## HOW TO COMPLETE THIS TASK
The answer is to be the lines below that lie between the line holding "Humpback Whale Wall" and the line holding "薰衣草，Lavandula angustifolia。 作者 未知艺术家", inclusive, transcribed exactly and free of pictures.

## SUPPLIED RECORDS
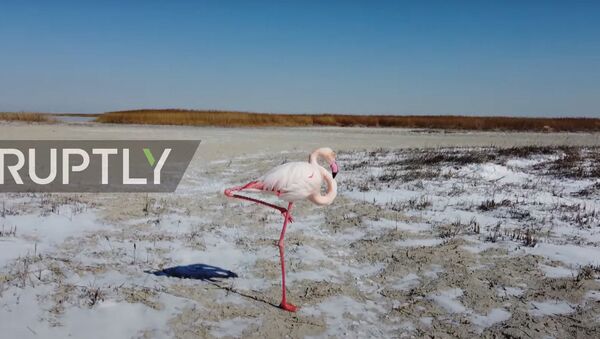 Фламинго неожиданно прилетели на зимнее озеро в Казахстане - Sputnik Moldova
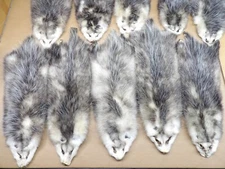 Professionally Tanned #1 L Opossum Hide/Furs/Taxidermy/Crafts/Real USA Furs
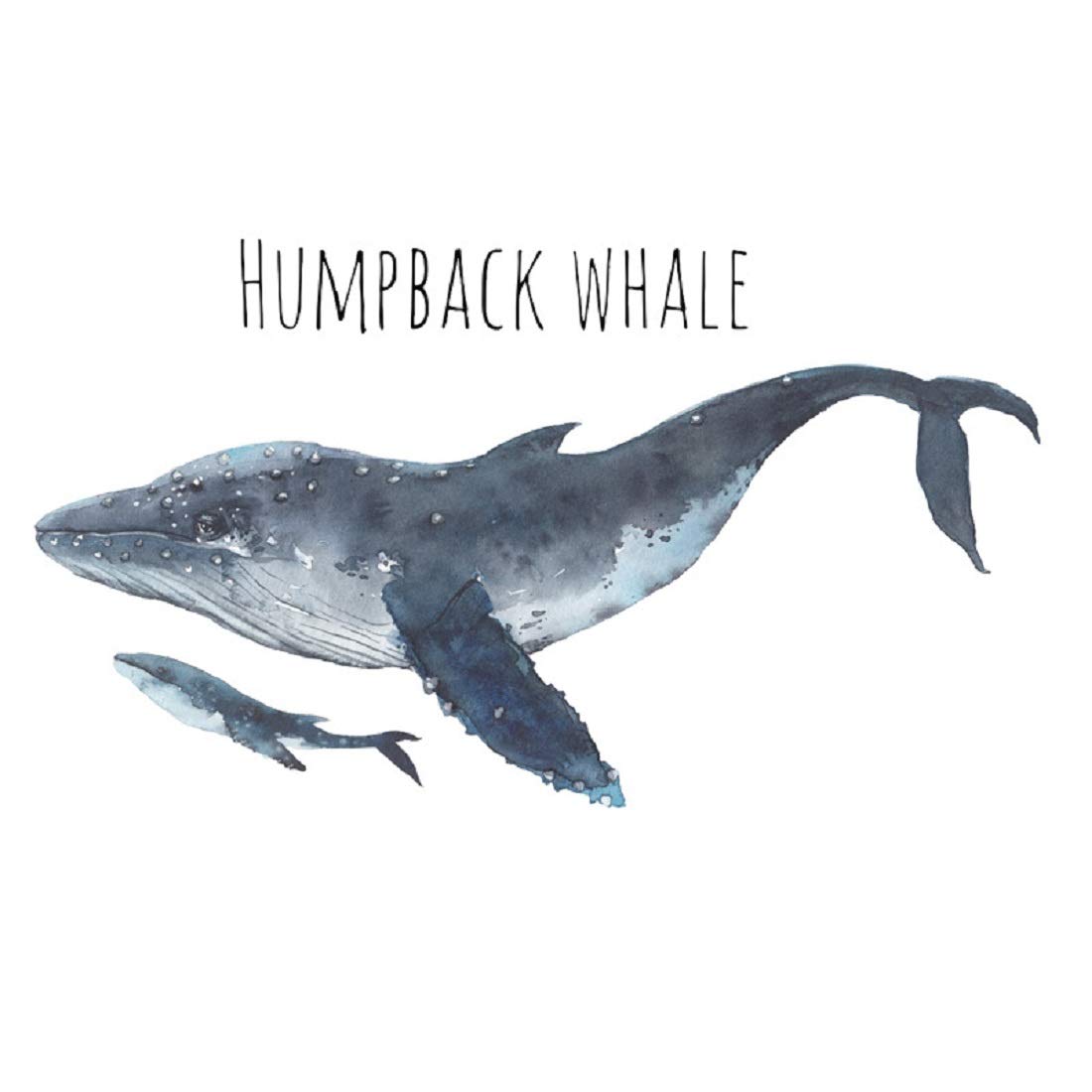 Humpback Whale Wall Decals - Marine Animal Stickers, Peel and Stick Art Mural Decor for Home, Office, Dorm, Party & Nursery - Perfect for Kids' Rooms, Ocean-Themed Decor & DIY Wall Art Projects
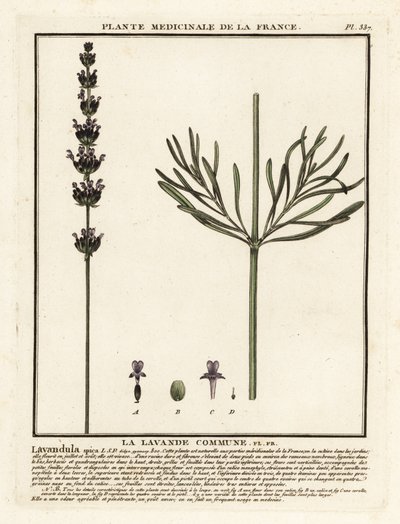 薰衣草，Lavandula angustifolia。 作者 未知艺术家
--
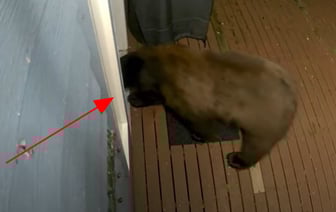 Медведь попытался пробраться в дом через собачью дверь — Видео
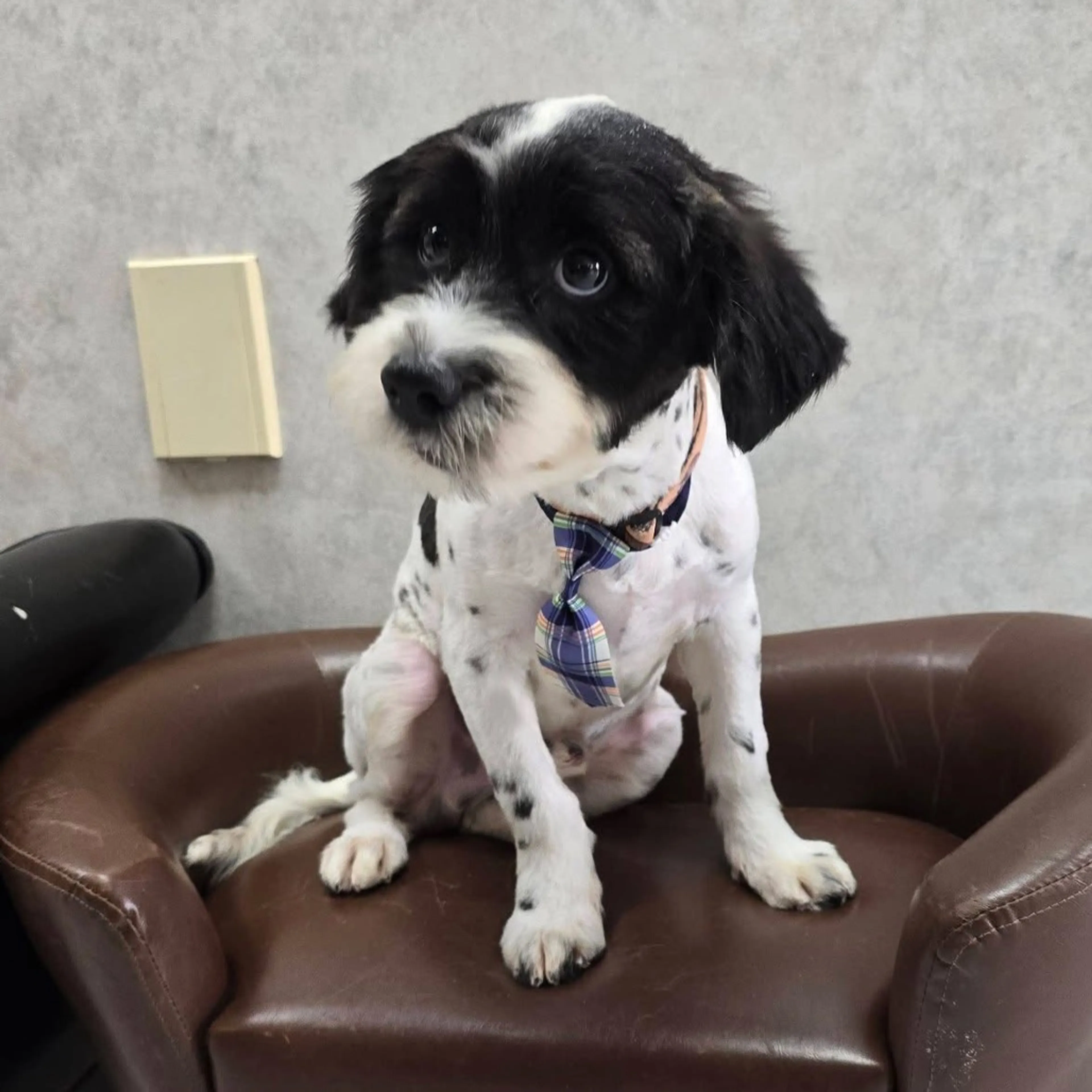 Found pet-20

## RESPONSE AREA
 Humpback Whale Wall Decals - Marine Animal Stickers, Peel and Stick Art Mural Decor for Home, Office, Dorm, Party & Nursery - Perfect for Kids' Rooms, Ocean-Themed Decor & DIY Wall Art Projects
 薰衣草，Lavandula angustifolia。 作者 未知艺术家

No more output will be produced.